Perhaps you can find the soul of the grind in skateboarding's surfing origins, in the way surfers crave not just the momentum of the ride but the feel of the waves beneath their feet, the way they challenge and express themselves by pushing against the tidal forces of the waves that propel them in cutbacks and other turns. Grinding is also largely about the "feel". As earlier stated, its an act of connection, of "being grounded" on your board in an almost literal manner. It's, like, about connecting to the Earth, man...

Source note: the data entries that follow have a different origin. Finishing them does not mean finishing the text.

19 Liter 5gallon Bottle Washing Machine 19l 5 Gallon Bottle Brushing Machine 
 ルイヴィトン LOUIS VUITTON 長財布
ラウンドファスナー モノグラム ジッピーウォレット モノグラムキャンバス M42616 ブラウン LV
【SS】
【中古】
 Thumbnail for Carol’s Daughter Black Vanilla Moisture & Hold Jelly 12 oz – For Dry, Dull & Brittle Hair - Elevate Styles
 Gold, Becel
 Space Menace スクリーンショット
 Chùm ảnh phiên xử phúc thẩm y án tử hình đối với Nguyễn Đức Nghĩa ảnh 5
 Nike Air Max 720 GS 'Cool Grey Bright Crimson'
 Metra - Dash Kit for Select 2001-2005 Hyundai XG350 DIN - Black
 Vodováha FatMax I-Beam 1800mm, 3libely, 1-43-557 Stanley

In a more philosophical sense, though, it is the fact that grinding is the exact wrong way to ride a skateboard that may be the key to it all. The skateboard itself is nonsensical vehicle, and for many of us just standing up and pushing around on a board was enough for our peers and parents to ask why on earth we would ever bother.  The secret power of the skateboard is that it's meant to be ridden "the wrong way" because riding it at all is wrong. Every trick, whether it is a 60's freestyler inverting himself in a handstand, or a modern skater riding switch, is about riding a skateboard "wrong". The grind is as wrong as it gets, but we do it anyway to show that we can, to show we are not bounded even by the basic limits of the skateboard itself. In that context, grinding your trucks will always feel right, original sin be damned.




4 comments:

  1. Great freaking article Kyle. Perhaps the best one yet. Cant wait for the next one.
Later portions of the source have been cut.